Programming Languages

As syntaxtrees may define arbitrary tree structures, some kind of validation is necessary to ensure that certain trees conform to certain programming languages. The validation concept is losely based on XML Schema and RelaxNG, the syntax of the latter is also used to describe the grammars in a user friendly textformat.

The traditional approach

A somewhat typical grammar to represent an if statement with an optional else-statement in a nondescript language could look very similar to this:

if        ::=  'if' <expr> 'then' <stmt> ['else' <stmt>]
expr      ::=  '(' <expr> <binOp> <expr> ')'
               | <var_name>
               | <val_const>
expr_list ::=  <expr>
               | <expr> ',' <expr_list>
               | ''
stmt      ::=  <var_name> = <expr>
               | <var_name> '(' <expr_list> ')'

This approach works fine for typical compilers: They need to derive a syntax tree from any stream of tokens. It is therefore important to keep an eye on all sorts of syntactical elements. This comes with its very own set of problems:

  1. The role of whitespace has to be specified.
  2. Some eeparating language constructs have to be introduced very carefully. This is usually done using distinctive syntactic elements that are not allowed in variable names (typically all sorts of brackets and punctuation).
  3. Handing out proper error messages for syntactically incorrect documents is hard. A single missing character may change the semantics of the whole document. This implies that semantic analysis is usually only possible on a syntactically correct document.

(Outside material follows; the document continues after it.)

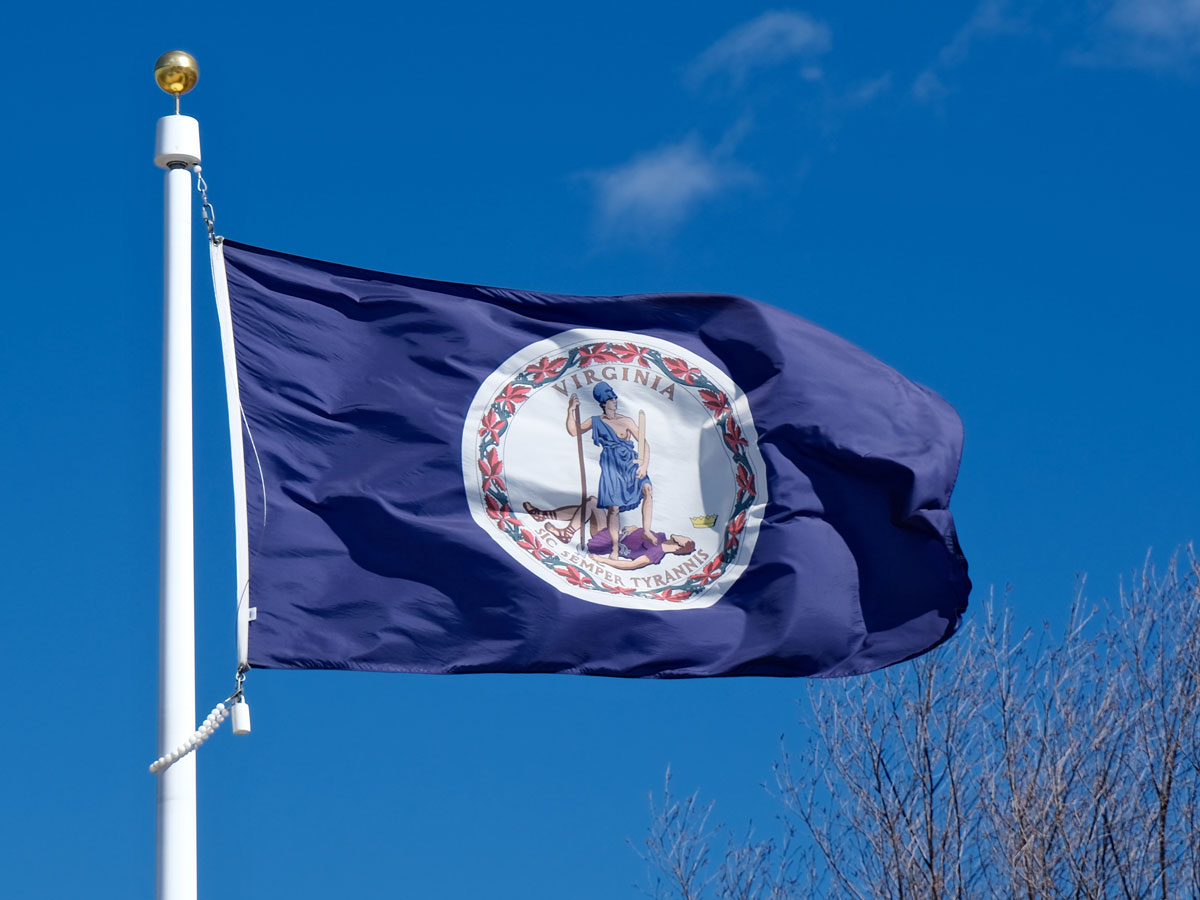 Virginia flag flying above treetops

The BlattWerkzeug approach

But BlattWerkzeug is in a different position: It is not meant to create a syntax tree from some stream of tokens but rather begins with an empty syntax tree. This frees it from many of the problems that have been mentioned above:

  1. There is no whitespace, only the structure of the tree.
  2. There is no need for separation characters, only the structure of the tree.
  3. Syntax errors equate to missing nodes and can be communicated very clearly. Semantic analysis does not need to rely on heuristics on how the tree could change if the “blanks” were filled in.

This entirely shifts the way one has to reason about the validation rules inside of BlattWerkzeug: There is no need to worry about the syntactic aspects of a certain language, the “grammar” that is required doesn’t need to know anything about keywords or separating characters. Its sole job is to describe the structure and the semantics of trees that are valid in that specific language.

Example AST: if-Statement

The following example further motivates this reasoning. An if statement can be described in terms of its structure and the underlying semantics: It uses a predicate to distinguish whether execution should continue on a positive branch or a negative branch.

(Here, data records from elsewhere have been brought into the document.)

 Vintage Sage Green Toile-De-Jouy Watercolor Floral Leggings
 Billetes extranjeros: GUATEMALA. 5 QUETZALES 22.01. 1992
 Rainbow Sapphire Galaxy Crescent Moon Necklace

This is a possible syntaxtree for an if statement in some nondescript language that could look like this:

if (a > b) then
  writeln('foo')
else
  err(2, 'bar')

In BlattWerkzeug, an if statement would be represented by using three child groups that could be called predicate, positive and negative. Each of these child groups may then hast their own list of children. Note how the names of the variables and and the values are stored in properties alongside the node.

digraph SyntaxTree {
  graph [fontsize=10 fontname="Verdana"];
  node [fontsize=10 fontname="Verdana" shape=Mrecord];
  edge [fontsize=10 fontname="Verdana"];
  r [label="{lang.if}"];
  subgraph cluster_r_pred {
    label="pred";
    r_pred_0 [label="{{lang.expBin}|{op|gt}}"];
    subgraph cluster_r_pred_0_lhs {
      label="lhs";
      r_pred_0_lhs_0 [label="{{lang.expVar}|{name|a}}"];
    }
    r_pred_0 -> r_pred_0_lhs_0;
    subgraph cluster_r_pred_0_rhs {
      label="rhs";
      r_pred_0_rhs_0 [label="{{lang.expVar}|{name|b}}"];
    }
    r_pred_0 -> r_pred_0_rhs_0;
  }
  r -> r_pred_0;
  subgraph cluster_r_positive {
    label="positive";
    r_positive_0 [label="{{lang.call}|{name|writeln}}"];
    subgraph cluster_r_positive_0_arguments {
      label="arguments";
      r_positive_0_arguments_0 [label="{{lang.expConst}|{value|foo}}"];
    }
    r_positive_0 -> r_positive_0_arguments_0;
  }
  r -> r_positive_0;
  subgraph cluster_r_negative {
    label="negative";
    r_negative_0 [label="{{lang.call}|{name|err}}"];
    subgraph cluster_r_negative_0_arguments {
      label="arguments";
      r_negative_0_arguments_1 [label="{{lang.expConst}|{value|bar}}"];
      r_negative_0_arguments_0 [label="{{lang.expConst}|{value|2}}"];
    }
    r_negative_0 -> r_negative_0_arguments_0;
    r_negative_0 -> r_negative_0_arguments_1;
  }
  r -> r_negative_0;
}

Now lets see what happens if the source is invalidated by omitting the predicate and the then:

if
  writeln('foo')
else
  err(2, 'bar')

In a typical language (tm) the most probable error would be something like “Invalid predicate: expression writeln('foo') is not of type boolean” and Missing "then". The chosen indentation somehow hints that using the call to writeln as a predicate was not what the author intended.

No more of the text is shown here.